25 October 2016

This is a semi-technical introduction to estimating undocumented events by using multiple, intersecting datasets. This approach is called “capture-recapture” or “multiple systems estimation,” I’ll refer to this approach as MSE. There’s an extended, non-technical introduction to MSE here. A somewhat more technical introduction to the frequentist approaches to MSE is given in a 2013 article by Banks, Lum, and Price.

The point of MSE is to use multiple, partial lists of a population to estimate the total population. The method depends on the integration of the lists, in which records that refer to the same elements of the population (called “co-referent” records) are linked in clusters. There is more explanation of the data in the Data Setup section.
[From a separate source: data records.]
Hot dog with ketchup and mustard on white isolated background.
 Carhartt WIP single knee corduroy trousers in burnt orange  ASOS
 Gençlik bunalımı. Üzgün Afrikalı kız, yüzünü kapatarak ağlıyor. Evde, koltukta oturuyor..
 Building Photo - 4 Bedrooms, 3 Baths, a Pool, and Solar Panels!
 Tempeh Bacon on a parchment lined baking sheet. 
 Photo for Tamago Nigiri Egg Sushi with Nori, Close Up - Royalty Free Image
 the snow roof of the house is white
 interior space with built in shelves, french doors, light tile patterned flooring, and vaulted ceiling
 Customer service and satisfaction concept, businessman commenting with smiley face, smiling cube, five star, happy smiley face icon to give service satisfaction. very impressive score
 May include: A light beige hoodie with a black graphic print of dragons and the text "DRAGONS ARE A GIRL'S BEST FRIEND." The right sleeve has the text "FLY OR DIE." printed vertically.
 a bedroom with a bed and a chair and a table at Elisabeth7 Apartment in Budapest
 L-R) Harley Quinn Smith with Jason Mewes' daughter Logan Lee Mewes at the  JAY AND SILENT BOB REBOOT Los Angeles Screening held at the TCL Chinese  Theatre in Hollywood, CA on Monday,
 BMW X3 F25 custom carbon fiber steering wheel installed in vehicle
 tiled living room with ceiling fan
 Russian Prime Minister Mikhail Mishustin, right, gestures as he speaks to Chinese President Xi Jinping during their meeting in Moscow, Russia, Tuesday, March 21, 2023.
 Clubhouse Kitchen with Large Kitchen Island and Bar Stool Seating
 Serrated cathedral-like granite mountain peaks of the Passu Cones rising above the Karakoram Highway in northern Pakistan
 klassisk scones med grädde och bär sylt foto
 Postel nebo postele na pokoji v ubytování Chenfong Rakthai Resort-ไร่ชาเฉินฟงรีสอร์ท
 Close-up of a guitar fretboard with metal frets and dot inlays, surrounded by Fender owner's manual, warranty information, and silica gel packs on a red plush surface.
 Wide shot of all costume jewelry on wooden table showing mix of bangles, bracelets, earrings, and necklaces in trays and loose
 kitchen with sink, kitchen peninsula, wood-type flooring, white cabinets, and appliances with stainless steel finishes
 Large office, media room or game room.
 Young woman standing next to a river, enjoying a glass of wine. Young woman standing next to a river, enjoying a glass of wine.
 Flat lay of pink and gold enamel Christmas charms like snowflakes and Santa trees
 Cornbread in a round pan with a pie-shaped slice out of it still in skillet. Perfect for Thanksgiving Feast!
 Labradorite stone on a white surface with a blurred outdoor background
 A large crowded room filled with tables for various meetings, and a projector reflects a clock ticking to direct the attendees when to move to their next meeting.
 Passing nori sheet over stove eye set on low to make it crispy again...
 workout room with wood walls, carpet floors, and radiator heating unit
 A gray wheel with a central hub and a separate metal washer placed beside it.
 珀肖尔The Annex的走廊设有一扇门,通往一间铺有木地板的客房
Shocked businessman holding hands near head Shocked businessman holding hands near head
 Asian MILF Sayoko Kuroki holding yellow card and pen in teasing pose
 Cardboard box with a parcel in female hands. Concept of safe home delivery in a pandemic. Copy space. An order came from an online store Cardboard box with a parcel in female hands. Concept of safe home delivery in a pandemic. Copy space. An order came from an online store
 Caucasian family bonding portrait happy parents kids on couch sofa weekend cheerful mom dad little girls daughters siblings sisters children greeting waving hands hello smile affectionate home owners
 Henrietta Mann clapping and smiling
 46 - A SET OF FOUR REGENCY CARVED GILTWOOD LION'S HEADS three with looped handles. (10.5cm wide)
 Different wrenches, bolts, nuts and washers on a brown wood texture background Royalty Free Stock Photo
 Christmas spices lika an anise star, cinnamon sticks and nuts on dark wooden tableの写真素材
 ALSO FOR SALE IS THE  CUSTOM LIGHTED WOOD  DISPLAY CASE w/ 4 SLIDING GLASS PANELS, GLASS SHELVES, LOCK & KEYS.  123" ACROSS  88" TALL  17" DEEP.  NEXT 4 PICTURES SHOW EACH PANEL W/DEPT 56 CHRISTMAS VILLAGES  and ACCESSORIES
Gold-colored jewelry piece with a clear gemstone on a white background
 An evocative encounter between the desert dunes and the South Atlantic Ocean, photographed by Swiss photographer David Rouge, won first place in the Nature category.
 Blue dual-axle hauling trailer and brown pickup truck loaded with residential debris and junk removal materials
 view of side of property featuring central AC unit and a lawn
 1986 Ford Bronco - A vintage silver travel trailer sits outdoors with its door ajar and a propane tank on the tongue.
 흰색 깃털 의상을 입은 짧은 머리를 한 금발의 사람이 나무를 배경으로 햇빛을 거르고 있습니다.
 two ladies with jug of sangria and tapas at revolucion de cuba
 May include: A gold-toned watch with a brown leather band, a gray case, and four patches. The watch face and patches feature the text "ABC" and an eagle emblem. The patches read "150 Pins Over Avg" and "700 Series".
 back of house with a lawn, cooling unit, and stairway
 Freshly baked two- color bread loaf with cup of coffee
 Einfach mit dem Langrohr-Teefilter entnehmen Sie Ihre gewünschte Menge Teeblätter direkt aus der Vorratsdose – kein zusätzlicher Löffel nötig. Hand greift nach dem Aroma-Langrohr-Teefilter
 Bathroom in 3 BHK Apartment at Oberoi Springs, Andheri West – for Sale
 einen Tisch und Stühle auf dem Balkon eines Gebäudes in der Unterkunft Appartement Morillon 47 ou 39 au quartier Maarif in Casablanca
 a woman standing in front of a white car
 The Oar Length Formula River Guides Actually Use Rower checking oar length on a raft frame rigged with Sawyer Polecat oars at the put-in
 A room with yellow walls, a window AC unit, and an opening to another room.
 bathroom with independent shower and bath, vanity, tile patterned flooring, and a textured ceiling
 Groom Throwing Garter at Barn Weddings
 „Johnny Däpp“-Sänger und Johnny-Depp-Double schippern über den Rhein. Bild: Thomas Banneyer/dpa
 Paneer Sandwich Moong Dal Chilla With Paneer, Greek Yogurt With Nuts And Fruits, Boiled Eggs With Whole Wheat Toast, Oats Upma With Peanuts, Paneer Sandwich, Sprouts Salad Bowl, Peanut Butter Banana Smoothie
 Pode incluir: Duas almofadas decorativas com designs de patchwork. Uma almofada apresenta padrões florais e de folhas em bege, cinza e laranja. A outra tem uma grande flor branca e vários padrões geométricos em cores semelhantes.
In the example presented in this post, I’m using a version of the data I presented in the trial for genocide of Gen. Efraín Ríos Montt of Guatemala. These data are for April 1982 through July 1983; for all perpetrators, including the Army, police, civilians, the URNG, and unknown perpetrators; and for victims of all ethnicities. Note that this is a little bit different from the data I presented in the trial: those data were stratified by the victims’ ethnicity, and included only killings by the Army.

The data consist of four columns of [0,1] which indicate, for that row, the presences or absence of a given dataset in that row’s observed frequency. Each row of the data is counting all the records that have this particular “capture history,” that is, the records that have been observed and not observed by this combination of datasets.

This is much harder to describe than it is to see, so let’s jump in.

```
A <- c(rep(0,8), rep(1,8))
B <- rep(c(rep(0,4), rep(1,4)), 2)
C <- c(rep(c(0,0,1,1), 4))
D <- c(rep(c(0,1), 8))
# killings in Guatemala's Ixil counties, April 1982 - July 1983
# NB: these are *all killings*, NOT filtered by perpetrator
Freq <- c(NA, 1021, 104, 94, 55, 54, 2, 4, 53, 98, 19, 11, 4, 8, 1, 2)
deaths <- as.data.frame(cbind(A, B, C, D, Freq))
print(deaths)
```

```
## A B C D Freq
## 1 0 0 0 0 NA
## 2 0 0 0 1 1021
## 3 0 0 1 0 104
## 4 0 0 1 1 94
## 5 0 1 0 0 55
## 6 0 1 0 1 54
## 7 0 1 1 0 2
## 8 0 1 1 1 4
## 9 1 0 0 0 53
## 10 1 0 0 1 98
## 11 1 0 1 0 19
## 12 1 0 1 1 11
## 13 1 1 0 0 4
## 14 1 1 0 1 8
## 15 1 1 1 0 1
## 16 1 1 1 1 2
```

The first row [0,0,0,0] describes the number of killings that are *not observed* by datasets A, B, C, or D. The number of unobserved killings is unknown, so the value is set as NA, that is, as a missing value.^{1} The second row [0,0,0,1] gives the count of killings that are observed *only* by dataset D, and not by any of the others: 1021. The final row [1,1,1,1] gives the count of killings observed by *all four* datasets: only 2.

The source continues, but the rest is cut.